All water bodies are invaluable to us. The survival of the rivers depends not only upon the survival of the ecosystems they run through but also on the survival of the local population that depends on them for food and water. Destruction of rivers means the silent destruction of all villages and settlements along with traditions and history.

Colovic recently won the Goldman environmental prize for her efforts in stopping two large dams being constructed in the Mavrovo National Park, home to the endangered Balkan Lynx.

The Bankwatch report also found that, all over the region, companies that won concessions to construct and operate small hydropower plants are owned either by politicians in power or their relatives. The report says:

North Macedonia’s Deputy Prime Minister for Economic Affairs, Kocho Angjushev owns at least 27 small hydropower plants, and the president of the main opposition party, Hristijan Mickoski also holds at least five concessions. In Serbia, companies connected to Nikola Petrović, the best man (kum) of President Aleksandar Vučić, are among the top beneficiaries of hydropower support.

In North Macedonia, locals from the village of Zhirovnica, with the help of civil society organizations, won a legal battle this year against two power plants in the Mavrovo municipality. Local authorities canceled their construction after concluding they had failed to comply with international and national regulations.

In neighboring Kosovo, protests against hydroelectric plants have united local Serb and Albanian residents of the municipality of Štrpce, on the Šar Mountain near the Macedonian border. Since mid-2018, they have staged a series of protests at the construction site. On October 8, one of those protests was met with excessive force by the national police, who used pepper spray on attendants, including children, and left 20 injured. Three residents of the nearby Lower Biti village were arrested and released after questioning.

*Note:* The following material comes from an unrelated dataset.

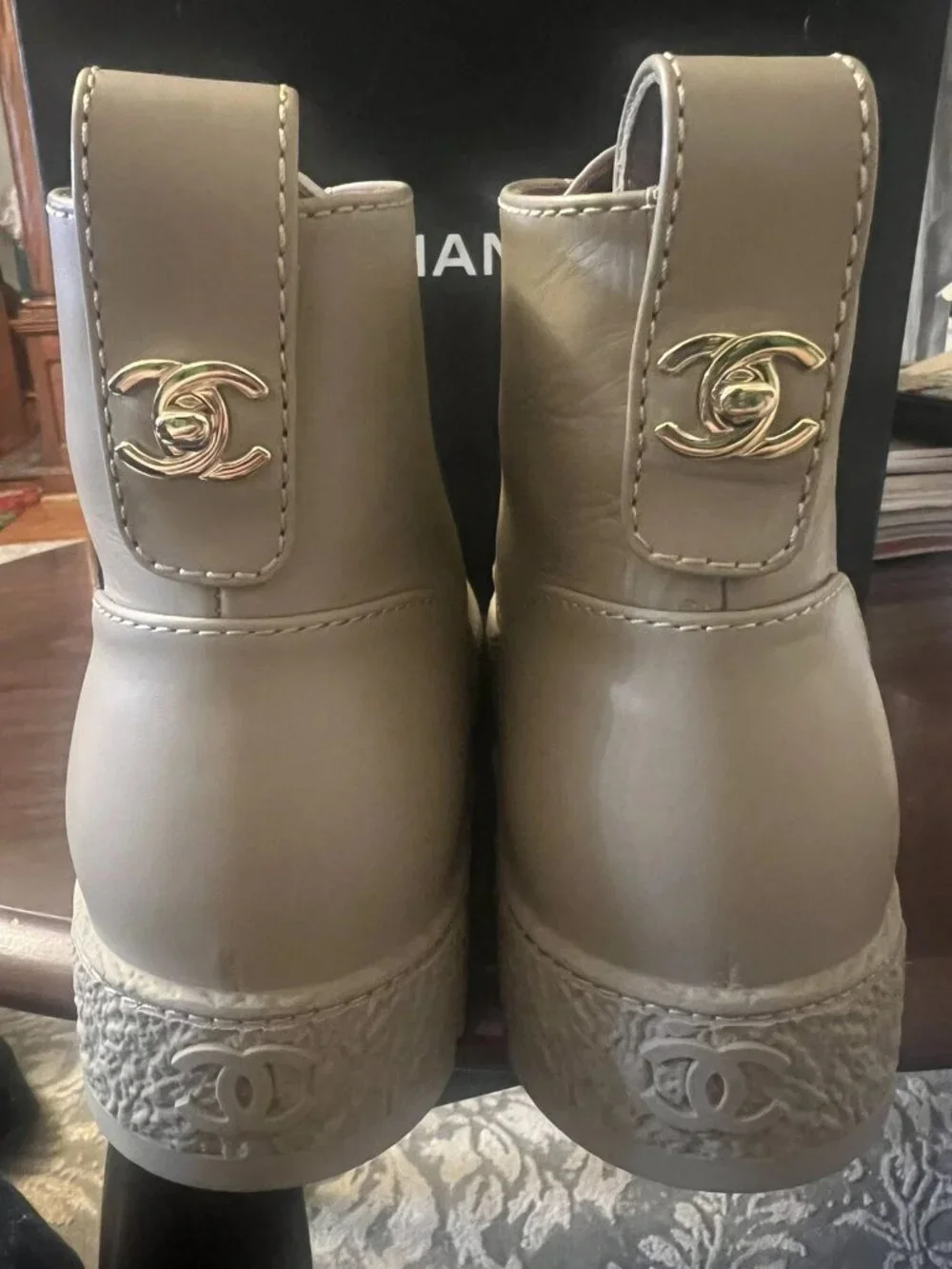 CHANEL CC Logo Beige Leather Turnlock Combat Boots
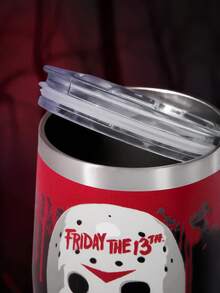 WB Horror X SHEIN 360ml/12oz 不鏽鋼防漏蓋隨行杯，適用熱飲/冷飲，適配大多數杯架，送禮首選 - 黑紅色 - 查看 4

The bridging of ethnic divides in a country that was ravaged by ethnic cleansing only twenty years ago has attracted the attention of regional media attention. One article from August 2019 was titled “Štrpce: An ethnic Serb and an ethnic Albanian arrested for burning bulldozers.” A similar story was also published by BBC in Serbian.

Most of the energy in the Western Balkans comes from coal. In 2018, only 3.8 percent of the region's electricity was generated by hydropower dams. All of the countries have high solar potential, but only one percent of the region's capacity has been installed.